# Another wild tail chase

**Posted:**December 19, 2013

**Filed under:**Programming |

**Tags:**Bytecode, recursion Leave a comment

It appears I’ve been waiting in vain! It’s been more than a month since my last blog post, and still no pull requests for TailCop! In particular, no pulls requests that implement rewriting of recursive calls to loops for instance methods. I don’t know why.

I guess it’s up to me, then.

To recap, TailCop is a simple utility I wrote to rewrite tail-recursive static methods to use loops instead (which prevents stack overflow in cases where the recursion goes very deep). The reason we shied away from instance methods last time is dynamic dispatch, which complicates matters a bit. We’ll tackle that in this blog post. To do so, however, we need to impose a couple of constraints.

First, we need to make sure that the instance method is non-virtual, that is, that it cannot be overridden in a subclass. Why? Well, let’s suppose you let **Add** be virtual, so that people may override it. Sounds reasonable? If it isn’t overridden, then it will behave just the same whether or not it’s rewritten. If it *is* overridden, then it shouldn’t matter if we override the recursive or the rewritten version, right? Well, you’d think, but unfortunately that’s not the case.

Say you decided to make **Add** virtual and rewrote it using TailCop. A few months pass by. Along comes your enthusiastic, dim-witted co-worker, ready to redefine the semantics of **Add**. He’s been reading up on object-orientation and is highly motivated to put all his hard-won knowledge to work. Unfortunately, he didn’t quite get to the Liskov thing, and so he ends up with this:

So while he overrides the **Add** method in a subclass, he doesn’t replace it wholesale – he still invokes the original **Add** method as well.
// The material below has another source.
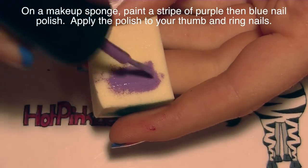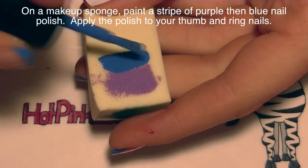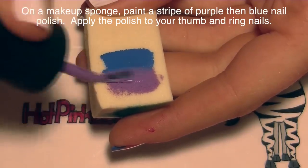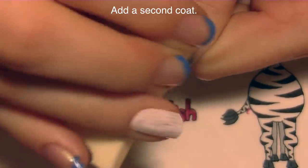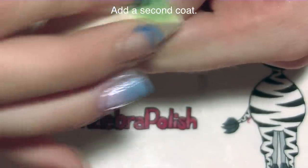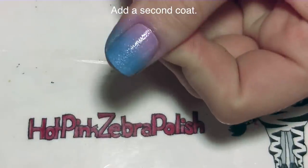On a makeup sponge I'm going to be painting a stripe of lavender polish and then a stripe of blue, and I'm going to blend these together just a little bit on the sponge. That'll give me a better gradient on my nail, and I'm going to sponge that onto my thumb and my ring nails and then add a second coat just to make sure that it's nice and opaque.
But then we have a problem. Due to dynamic dispatch, the recursive **Add** call in **Adder** will invoke **BlackAdder.Add** which will then invoke **Adder.Add** and so forth. Basically we’re taking the elevator up and down in the inheritance hierarchy. If we rewrite **Adder.Add** to use a loop, we will never be allowed to take the elevator back down to **BlackAdder.Add**. Obviously, then, the rewrite is not safe. Running **BlackAdder.Add(30, 30)** yields **90** with the original recursive version of **Adder.Add** and **61** with the rewritten version. Long story short: we will not rewrite virtual methods.

Our second constraint is that, obviously, the recursive call has to be made on the same object instance. If we call the *same* method on a *different* instance, there’s no guarantee that we’ll get the same result. For instance, if the calculation relies on object state in any way, we’re toast. So we need to invoke the method on *this*, not *that*. So how do we ensure that a recursive call is always made on the same instance – that is, on *this*? Well, obviously we need to be in a situation where the evaluation stack contains a reference to *this* in the right place when we’re making the recursive call. In IL, the *this* parameter to instance methods is always passed explicitly, unlike in C#. So a C# instance method with *n* parameters is represented as a method with *n+1* parameters on the IL level. The additional parameter in IL is for the *this* reference, and is passed as the first parameter to the instance method. (This is similar to Python, where the *self* parameter is always passed explicitly to instance methods.) So anyways, if we take the evaluation stack at the point of a call to an instance methods and pop off *n* values (corresponding to the *n* parameters in the C# method), we should find a *this* there. If we find something else, we won’t rewrite.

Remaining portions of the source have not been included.